It seems hard to believe, but politicians actually do something right every once in a while.

No matter what you think of the United States’ Infrastructure Bill, it will undeniably improve our nation’s energy efficiency.

Modern as our nation is, many parts of our current grid are actually…get this…more than a century old!

Energy.gov even maintains that 70% of our utility lines and power transformers are more than 25 years old. And the average power plant is about 30 years old.

Think back to the technology you used in your daily life 25-30 years ago and compare it to what you use now.

The quality isn’t even close. And the technology barely even resembles what it used to.

For the world’s greatest, and possibly only, superpower, that seems a bit strange, doesn’t it?

The Active Efficiency Collaborative believes that upgrading technologies and using an “Active Efficiency” approach could cut US energy consumption by 50% or more by 2050.

Check out a few of these examples to see how the Infrastructure Bill reduces our energy consumption:

1. Integration of Distributed Energy Resources

“Distributed energy resources” refers to energy harvested and stored by consumers (rather than public or private utilities).

So, for example, this would be a neighborhood in California powered by a local solar collector.

During everyday usage, the local community would rely on this solar collector as much as possible (rather than the public grid).

This cuts down on transmission losses and improves sustainability.

Other examples of distributed energy resources that will be integrated with the bill include electric vehicles, digital energy devices, and battery storage, among others.

2. Improved Electricity Supply

These distributed energy resources could make a profound impact on the grid’s efficiency overall.

For example, an electric car that charges overnight could have its excess energy sent back to the grid.

Plus, people who provide this energy to the grid would be financially compensated for doing so.

The grid currently isn’t ready for this. But the Infrastructure Bill will help it get there.

3. Saving Energy When Needed

“Demand response” describes using energy when it is abundant and saving energy when the supply runs low.

Take for example wind turbines. They can only generate electricity when it’s windy.
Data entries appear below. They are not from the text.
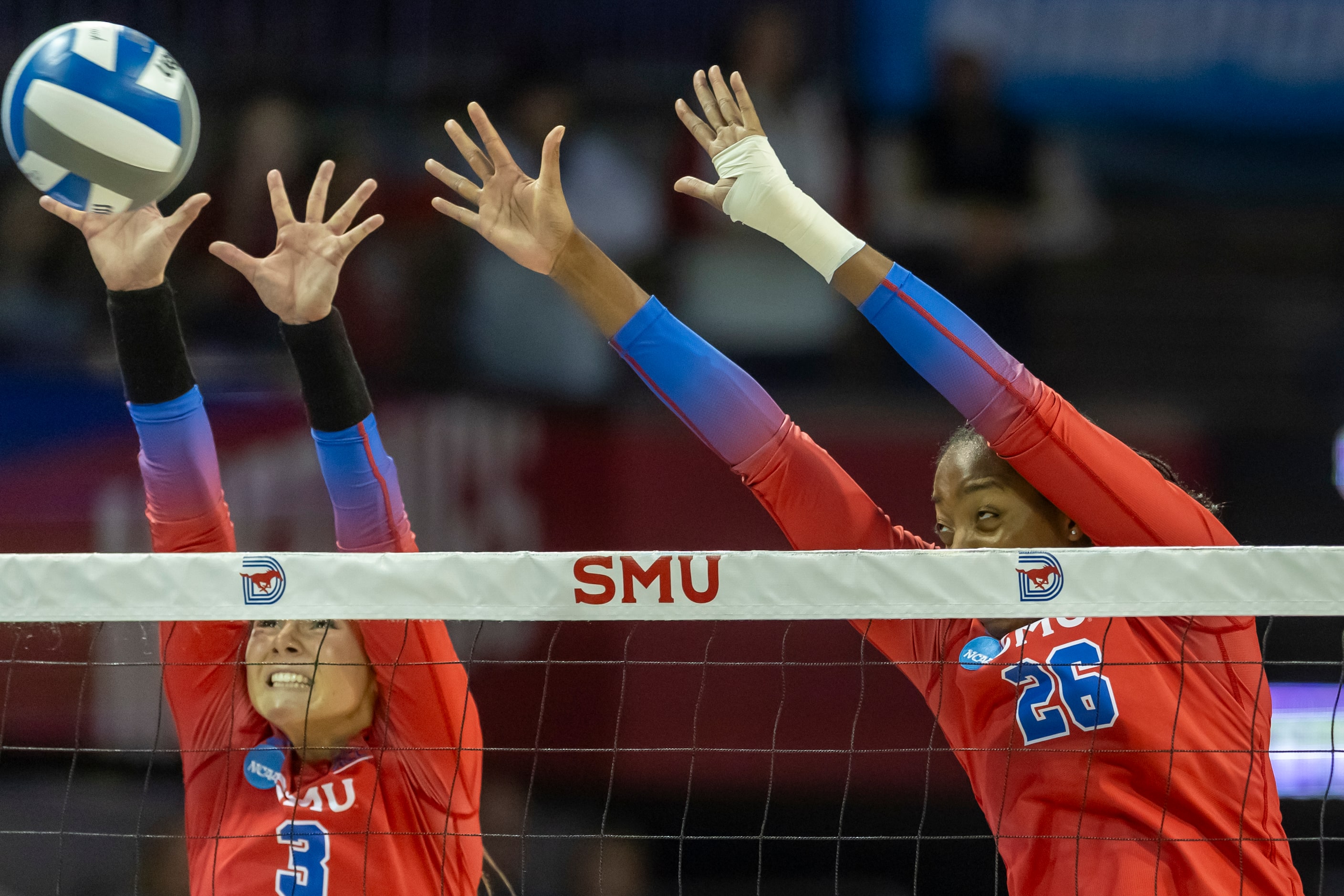 SMU’s Celia Cullen (3) and Nnedi Okammor (26) attempt a block during an NCAA college...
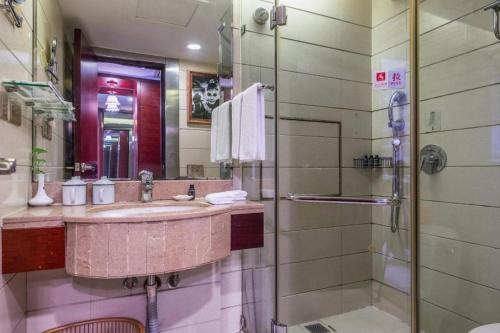 a bathroom with a sink and a shower at Changsha Huatian Hotel in Changsha
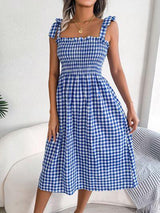 a woman wearing a blue and white checkered dress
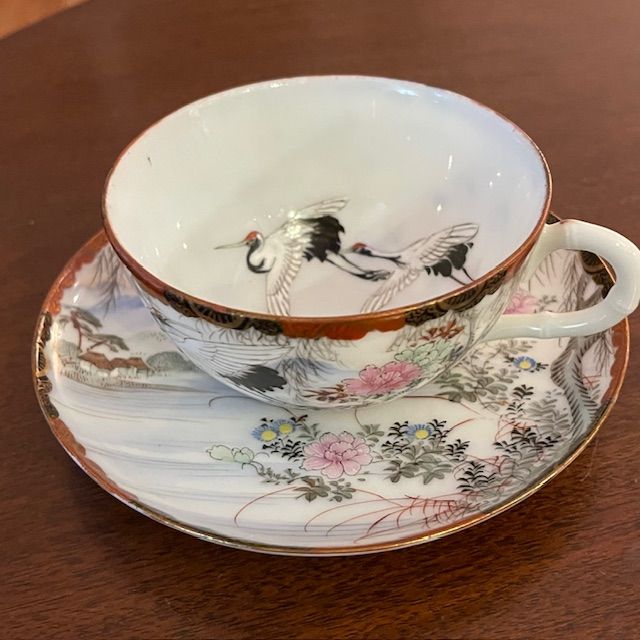 Delicate teacup and saucer with a painted Japanese landscape featuring cranes and floral details.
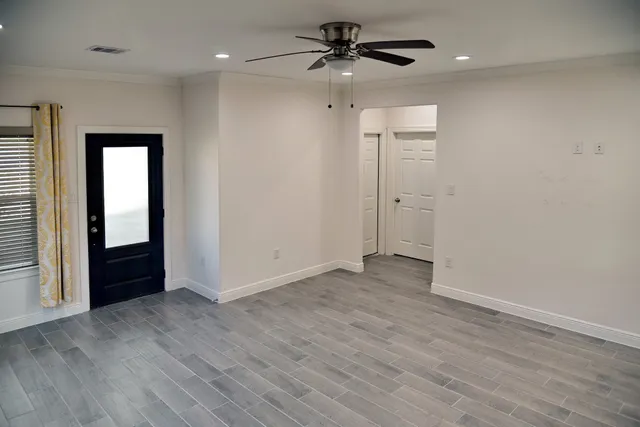 a view of hallway with wooden floor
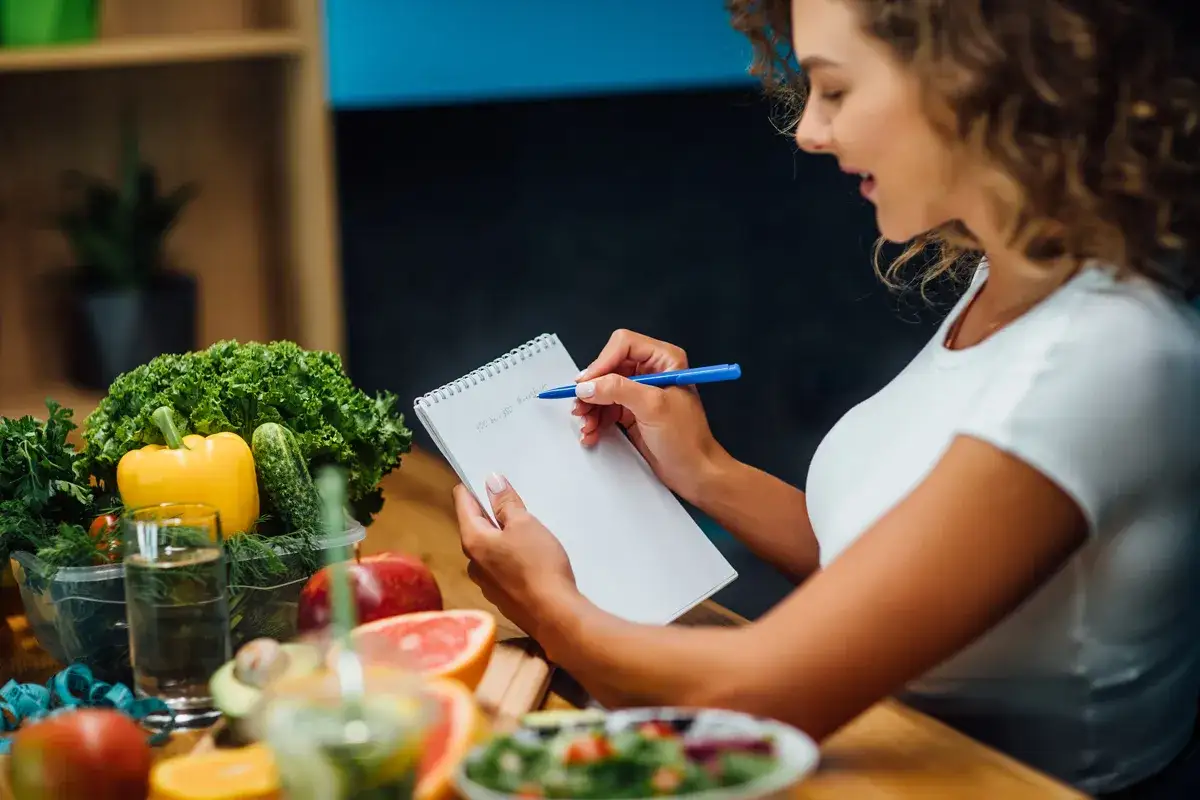 Kobieta planuje dietę na cera naczynkowa, otoczona świeżymi warzywami i owocami.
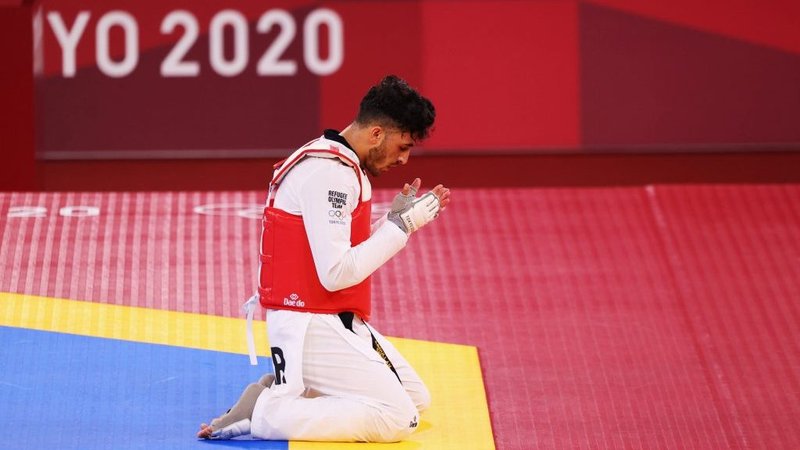 Abdullah Sediqi of the Refugee Olympic Team reacts after competing in the Taekwondo Men's Featherweight in the 2020 Tokyo Olympics July 25, 2021. This year's Refugee Olympic Team was made up of 29 athletes from a dozen countries who have been living and training in host countries. (Murad Sezer/CNS, Reuters via Crux)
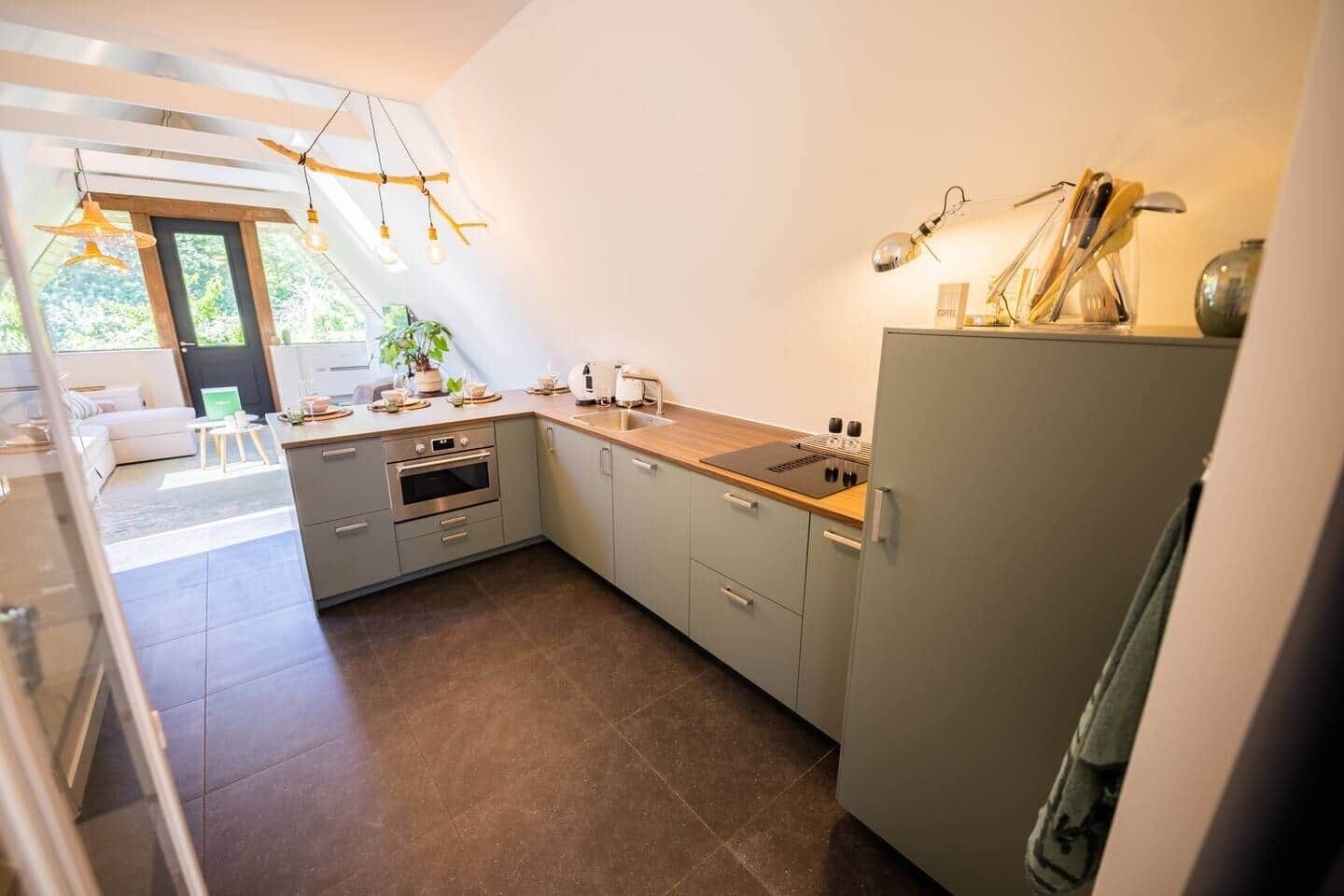Una cocina moderna con horno integrado, un lavamanos y una encimera con cafetera.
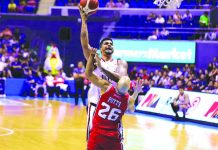 Blackwater Elite’s Rabeh Al-Hussaini attacks the defense of Alaska Aces' Davon Potts for an inside hit. PBA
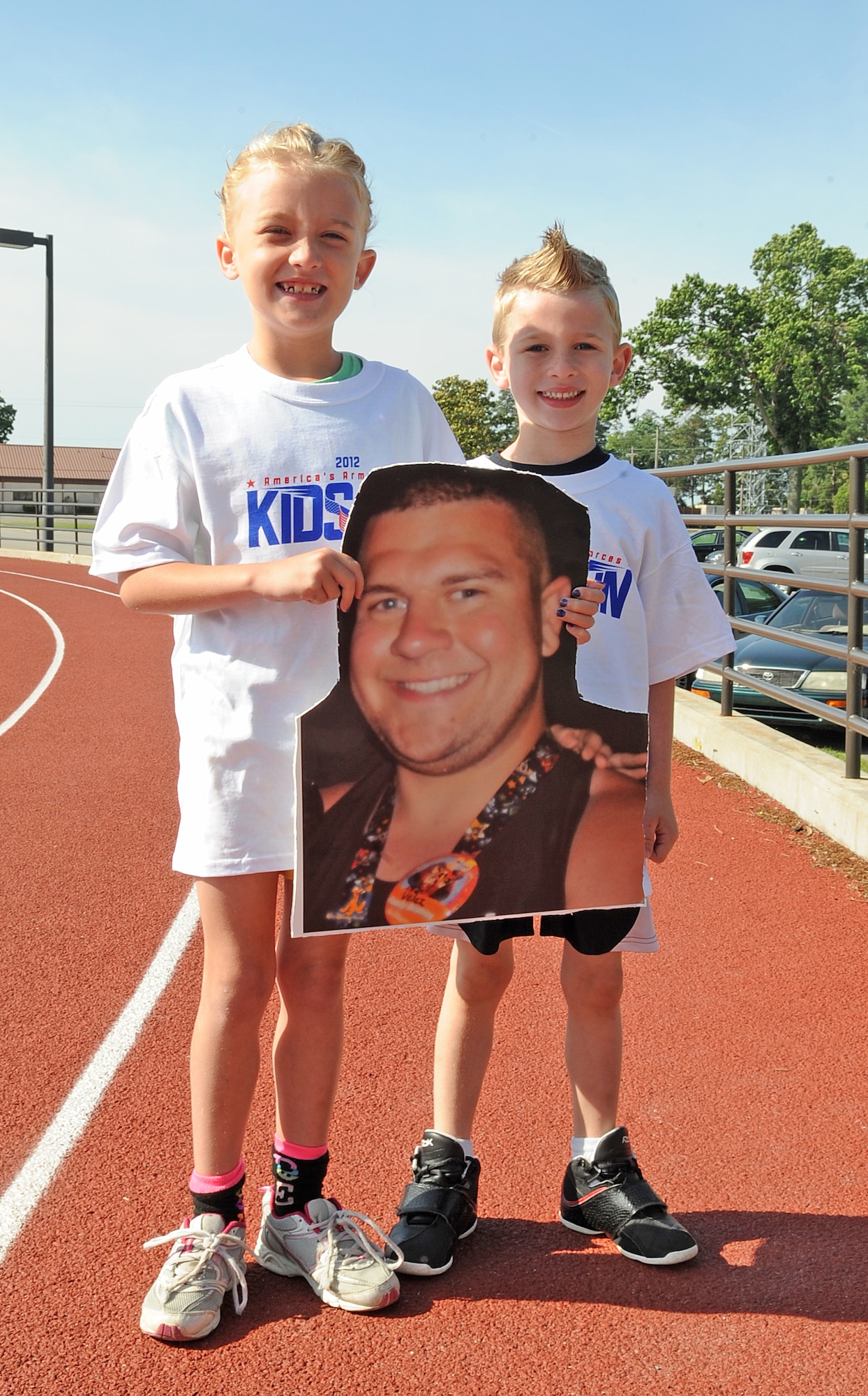 Berkley,7, and Adam, 5, Quaintance smile as they hold a photo of their father U.S. Air Force Senior Airman Tomas Velez-Ojeda before the America’s Armed Forces Kids Run event on Seymour Johnson Air Force Base, N.C., May 19, 2012. The children take the photo of their currently deployed father wherever they go to pretend like he is always with them. Velez-Ojeda is assigned to the 4th Equipment Maintenance Squadron armament flight. Berkley and Adam are natives of Arizona. (U.S. Air Force photo/Airman 1st Class Aubrey Robinson/Released)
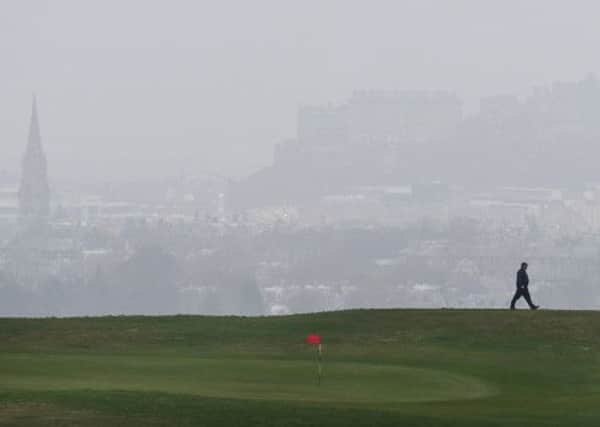 A view of the smog enveloping Edinburgh from the Braid Hills. Picture: Neil Hanna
If there’s no wind, or little of it, the amount of energy they supply goes way down.

And that would affect the grid’s supply as a whole.

The Infrastructure Bill helps state regulators set electric rates that encourage usage when the supply is high and discourage energy usage when the supply runs low.

Politics aside, some of the goals the Infrastructure Bill aspires to accomplish aren’t all that bad.

So watch for these changes in 2022 and beyond!